The average UK worker is too busy or too complacent to watch out for and cope with viruses, according to research from Novell.
They either claim they don't have time to worry about checking each email before they open it, or they don't see any reason to bother.
It's alarming, but not all that surprising. For years, security firms have warned that users sticking passwords on sticky notes by their computers are creating a security hazard. Walk through any office and you'll see that hasn't sunk in, so why should warnings about viruses? It's the same story – "I know, I know… but who's going to come in here and see my passwords? It won't happen."
The survey of 1,000 UK workers by Taylor Nelson Sofres found that two-thirds of respondents aren't aware of the most basic virus protection techniques, and wouldn't know how to spot an infected email if it appeared. One-third say they're too busy to check through emails before opening them, anyway. Virus protection software will protect them, they believe, and even if a virus does get through, 95 per cent say they're not going too feel too bad about it even if it's their fault, they said. The responsibility lies with the IT department, or maybe Microsoft , or even the government. Anywhere but at their desktop.
"There really are two types of people (causing problems) here," said Ben Bulpett, enterprise sales director for Novell. "There are those who are really busy, and who just don't think it's their issue, and then those who have had little training and education. Between them they're set to create massive loopholes for a company's security to be breached," he said.

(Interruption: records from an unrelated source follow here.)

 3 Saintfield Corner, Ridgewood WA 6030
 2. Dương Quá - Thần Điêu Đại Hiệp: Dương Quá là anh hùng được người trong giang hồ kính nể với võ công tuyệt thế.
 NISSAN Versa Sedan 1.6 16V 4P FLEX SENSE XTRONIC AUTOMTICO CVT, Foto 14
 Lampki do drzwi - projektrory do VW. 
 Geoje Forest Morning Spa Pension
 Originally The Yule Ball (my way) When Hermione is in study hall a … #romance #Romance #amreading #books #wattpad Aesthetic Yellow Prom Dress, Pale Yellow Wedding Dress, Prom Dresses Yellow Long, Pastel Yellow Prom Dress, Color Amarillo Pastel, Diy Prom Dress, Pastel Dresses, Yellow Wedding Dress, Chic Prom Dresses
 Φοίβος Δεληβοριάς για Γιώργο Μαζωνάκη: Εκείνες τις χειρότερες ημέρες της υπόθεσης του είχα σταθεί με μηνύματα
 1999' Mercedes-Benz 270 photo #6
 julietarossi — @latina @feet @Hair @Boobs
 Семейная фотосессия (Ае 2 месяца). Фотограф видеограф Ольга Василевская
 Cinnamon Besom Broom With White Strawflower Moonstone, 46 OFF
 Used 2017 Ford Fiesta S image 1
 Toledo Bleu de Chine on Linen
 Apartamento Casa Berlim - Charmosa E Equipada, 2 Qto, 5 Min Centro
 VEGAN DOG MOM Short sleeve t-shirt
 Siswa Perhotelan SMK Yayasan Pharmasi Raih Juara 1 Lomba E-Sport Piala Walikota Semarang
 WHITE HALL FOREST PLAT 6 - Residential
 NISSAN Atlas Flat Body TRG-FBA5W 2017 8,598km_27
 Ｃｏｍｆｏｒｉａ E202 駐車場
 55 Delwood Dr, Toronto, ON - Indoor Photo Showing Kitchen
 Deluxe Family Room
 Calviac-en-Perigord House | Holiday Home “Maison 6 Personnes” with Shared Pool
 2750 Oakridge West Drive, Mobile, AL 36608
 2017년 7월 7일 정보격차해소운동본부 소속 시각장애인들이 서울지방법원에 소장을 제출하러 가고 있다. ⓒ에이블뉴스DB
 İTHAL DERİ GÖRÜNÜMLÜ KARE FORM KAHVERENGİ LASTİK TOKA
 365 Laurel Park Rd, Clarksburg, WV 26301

Twenty per cent of workers say they're too busy to update anti-virus software, over one-third have validated their company addresses by replying to spam, and over 55 per cent of passwords are still based on family and friend's names. As for phishing, the practice of creating false Web sites to gain information fraudulently, the vast majority of respondents had never heard of it.
The perception of danger varies across the UK. The Scots are most likely to be angered by a virus attack, but the least aware of how to prevent them. Those in Wales are the least likely to download anti-virus software, but luckily are the most suspicious about unknown email, with over half scrutinizing attachments before opening them.
London workers are overwhelmed by the amount of email they receive, and are the most likely to have multiple passwords to remember. However, Londoners are the most likely group in the country to spot a virus.